▶ _Aim of the task_
Please retype the listing below exactly, from its opening line through the line where "Bride And Groom" appears.

━━━ Extracted entries

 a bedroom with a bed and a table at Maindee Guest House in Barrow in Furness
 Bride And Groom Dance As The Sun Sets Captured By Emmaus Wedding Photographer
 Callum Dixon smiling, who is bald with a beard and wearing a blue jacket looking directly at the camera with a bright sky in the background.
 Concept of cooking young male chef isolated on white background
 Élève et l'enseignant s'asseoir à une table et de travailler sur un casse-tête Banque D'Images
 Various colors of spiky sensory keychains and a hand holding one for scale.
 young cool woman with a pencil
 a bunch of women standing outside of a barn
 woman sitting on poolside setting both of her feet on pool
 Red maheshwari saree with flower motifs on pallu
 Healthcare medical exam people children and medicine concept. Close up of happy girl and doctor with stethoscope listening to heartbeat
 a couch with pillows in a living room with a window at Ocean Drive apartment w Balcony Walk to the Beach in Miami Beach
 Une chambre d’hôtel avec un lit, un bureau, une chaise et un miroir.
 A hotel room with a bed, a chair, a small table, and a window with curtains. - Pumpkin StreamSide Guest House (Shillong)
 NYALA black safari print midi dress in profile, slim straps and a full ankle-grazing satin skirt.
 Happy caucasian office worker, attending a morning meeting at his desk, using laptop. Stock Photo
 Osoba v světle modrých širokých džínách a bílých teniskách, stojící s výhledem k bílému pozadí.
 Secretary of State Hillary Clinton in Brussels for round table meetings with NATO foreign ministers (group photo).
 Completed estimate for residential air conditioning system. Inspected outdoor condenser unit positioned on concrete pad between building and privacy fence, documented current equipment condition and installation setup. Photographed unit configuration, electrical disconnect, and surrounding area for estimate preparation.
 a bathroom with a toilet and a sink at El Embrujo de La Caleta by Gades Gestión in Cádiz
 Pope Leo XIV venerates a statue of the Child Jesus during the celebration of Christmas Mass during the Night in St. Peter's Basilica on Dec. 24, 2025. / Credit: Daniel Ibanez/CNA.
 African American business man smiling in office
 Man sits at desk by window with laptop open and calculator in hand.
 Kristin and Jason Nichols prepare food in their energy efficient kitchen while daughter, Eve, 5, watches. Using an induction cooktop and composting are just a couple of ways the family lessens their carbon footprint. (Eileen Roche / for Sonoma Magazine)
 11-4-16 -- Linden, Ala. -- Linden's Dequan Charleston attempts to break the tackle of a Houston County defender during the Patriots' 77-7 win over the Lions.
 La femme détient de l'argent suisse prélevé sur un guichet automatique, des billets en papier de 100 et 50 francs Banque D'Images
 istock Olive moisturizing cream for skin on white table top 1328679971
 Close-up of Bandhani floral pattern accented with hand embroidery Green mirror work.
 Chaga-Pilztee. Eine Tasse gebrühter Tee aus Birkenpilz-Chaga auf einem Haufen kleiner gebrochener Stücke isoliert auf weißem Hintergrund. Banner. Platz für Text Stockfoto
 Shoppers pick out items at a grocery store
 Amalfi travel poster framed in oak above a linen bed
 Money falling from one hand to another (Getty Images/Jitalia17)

━━━━━━

▶ _Solution to this problem_
 a bedroom with a bed and a table at Maindee Guest House in Barrow in Furness
 Bride And Groom Dance As The Sun Sets Captured By Emmaus Wedding Photographer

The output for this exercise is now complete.